→ EXERCISE PROMPT: Could you copy all of the records below exactly as they appear?

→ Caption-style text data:
━━━━━━━━━━━━━━━━━━━━

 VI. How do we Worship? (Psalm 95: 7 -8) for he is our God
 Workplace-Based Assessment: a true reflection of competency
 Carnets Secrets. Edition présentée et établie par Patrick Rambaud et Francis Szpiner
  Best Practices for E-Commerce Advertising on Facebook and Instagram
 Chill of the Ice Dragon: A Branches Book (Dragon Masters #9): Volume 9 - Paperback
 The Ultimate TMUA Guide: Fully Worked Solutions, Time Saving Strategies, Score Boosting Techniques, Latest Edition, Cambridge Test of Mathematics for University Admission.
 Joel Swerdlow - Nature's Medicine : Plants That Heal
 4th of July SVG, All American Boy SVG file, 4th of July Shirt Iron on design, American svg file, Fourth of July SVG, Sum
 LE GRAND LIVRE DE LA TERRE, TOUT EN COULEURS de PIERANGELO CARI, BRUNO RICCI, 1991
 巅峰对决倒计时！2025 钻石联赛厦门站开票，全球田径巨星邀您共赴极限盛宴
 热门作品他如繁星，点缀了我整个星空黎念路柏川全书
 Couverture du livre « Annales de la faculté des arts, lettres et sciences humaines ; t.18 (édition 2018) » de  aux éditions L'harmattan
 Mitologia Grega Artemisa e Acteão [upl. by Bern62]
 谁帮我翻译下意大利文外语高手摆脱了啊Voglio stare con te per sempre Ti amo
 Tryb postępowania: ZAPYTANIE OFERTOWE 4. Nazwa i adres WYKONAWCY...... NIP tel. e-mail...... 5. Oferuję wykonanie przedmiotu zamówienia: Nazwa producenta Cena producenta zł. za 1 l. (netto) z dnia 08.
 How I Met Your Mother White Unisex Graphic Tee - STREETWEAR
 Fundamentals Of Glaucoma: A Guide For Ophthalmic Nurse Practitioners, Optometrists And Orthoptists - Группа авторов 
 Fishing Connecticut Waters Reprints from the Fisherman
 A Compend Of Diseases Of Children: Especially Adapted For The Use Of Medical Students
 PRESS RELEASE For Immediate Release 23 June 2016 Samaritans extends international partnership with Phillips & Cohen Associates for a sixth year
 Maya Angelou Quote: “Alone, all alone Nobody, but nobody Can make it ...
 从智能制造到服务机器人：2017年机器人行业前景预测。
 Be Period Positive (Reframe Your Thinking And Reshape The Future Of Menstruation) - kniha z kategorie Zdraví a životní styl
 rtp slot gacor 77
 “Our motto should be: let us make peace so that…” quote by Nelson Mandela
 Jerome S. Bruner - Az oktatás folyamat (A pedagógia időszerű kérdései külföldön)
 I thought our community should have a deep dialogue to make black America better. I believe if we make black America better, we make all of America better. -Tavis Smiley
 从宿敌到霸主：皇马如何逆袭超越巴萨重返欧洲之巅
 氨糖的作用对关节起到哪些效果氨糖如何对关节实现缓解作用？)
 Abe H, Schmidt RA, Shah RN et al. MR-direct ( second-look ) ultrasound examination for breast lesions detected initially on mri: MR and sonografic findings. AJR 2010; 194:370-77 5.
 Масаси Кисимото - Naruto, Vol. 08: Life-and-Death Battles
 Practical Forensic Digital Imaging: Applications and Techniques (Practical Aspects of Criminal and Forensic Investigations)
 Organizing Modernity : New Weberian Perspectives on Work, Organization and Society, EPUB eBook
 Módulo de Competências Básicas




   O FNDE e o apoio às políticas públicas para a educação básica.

━━━━━━━━━━━━━━━━━━━━

→ EXERCISE OUTPUT:
 VI. How do we Worship? (Psalm 95: 7 -8) for he is our God
 Workplace-Based Assessment: a true reflection of competency
 Carnets Secrets. Edition présentée et établie par Patrick Rambaud et Francis Szpiner
  Best Practices for E-Commerce Advertising on Facebook and Instagram
 Chill of the Ice Dragon: A Branches Book (Dragon Masters #9): Volume 9 - Paperback
 The Ultimate TMUA Guide: Fully Worked Solutions, Time Saving Strategies, Score Boosting Techniques, Latest Edition, Cambridge Test of Mathematics for University Admission.
 Joel Swerdlow - Nature's Medicine : Plants That Heal
 4th of July SVG, All American Boy SVG file, 4th of July Shirt Iron on design, American svg file, Fourth of July SVG, Sum
 LE GRAND LIVRE DE LA TERRE, TOUT EN COULEURS de PIERANGELO CARI, BRUNO RICCI, 1991
 巅峰对决倒计时！2025 钻石联赛厦门站开票，全球田径巨星邀您共赴极限盛宴
 热门作品他如繁星，点缀了我整个星空黎念路柏川全书
 Couverture du livre « Annales de la faculté des arts, lettres et sciences humaines ; t.18 (édition 2018) » de  aux éditions L'harmattan
 Mitologia Grega Artemisa e Acteão [upl. by Bern62]
 谁帮我翻译下意大利文外语高手摆脱了啊Voglio stare con te per sempre Ti amo
 Tryb postępowania: ZAPYTANIE OFERTOWE 4. Nazwa i adres WYKONAWCY...... NIP tel. e-mail...... 5. Oferuję wykonanie przedmiotu zamówienia: Nazwa producenta Cena producenta zł. za 1 l. (netto) z dnia 08.
 How I Met Your Mother White Unisex Graphic Tee - STREETWEAR
 Fundamentals Of Glaucoma: A Guide For Ophthalmic Nurse Practitioners, Optometrists And Orthoptists - Группа авторов 
 Fishing Connecticut Waters Reprints from the Fisherman
 A Compend Of Diseases Of Children: Especially Adapted For The Use Of Medical Students
 PRESS RELEASE For Immediate Release 23 June 2016 Samaritans extends international partnership with Phillips & Cohen Associates for a sixth year
 Maya Angelou Quote: “Alone, all alone Nobody, but nobody Can make it ...
 从智能制造到服务机器人：2017年机器人行业前景预测。
 Be Period Positive (Reframe Your Thinking And Reshape The Future Of Menstruation) - kniha z kategorie Zdraví a životní styl
 rtp slot gacor 77
 “Our motto should be: let us make peace so that…” quote by Nelson Mandela
 Jerome S. Bruner - Az oktatás folyamat (A pedagógia időszerű kérdései külföldön)
 I thought our community should have a deep dialogue to make black America better. I believe if we make black America better, we make all of America better. -Tavis Smiley
 从宿敌到霸主：皇马如何逆袭超越巴萨重返欧洲之巅
 氨糖的作用对关节起到哪些效果氨糖如何对关节实现缓解作用？)
 Abe H, Schmidt RA, Shah RN et al. MR-direct ( second-look ) ultrasound examination for breast lesions detected initially on mri: MR and sonografic findings. AJR 2010; 194:370-77 5.
 Масаси Кисимото - Naruto, Vol. 08: Life-and-Death Battles
 Practical Forensic Digital Imaging: Applications and Techniques (Practical Aspects of Criminal and Forensic Investigations)
 Organizing Modernity : New Weberian Perspectives on Work, Organization and Society, EPUB eBook
 Módulo de Competências Básicas




   O FNDE e o apoio às políticas públicas para a educação básica.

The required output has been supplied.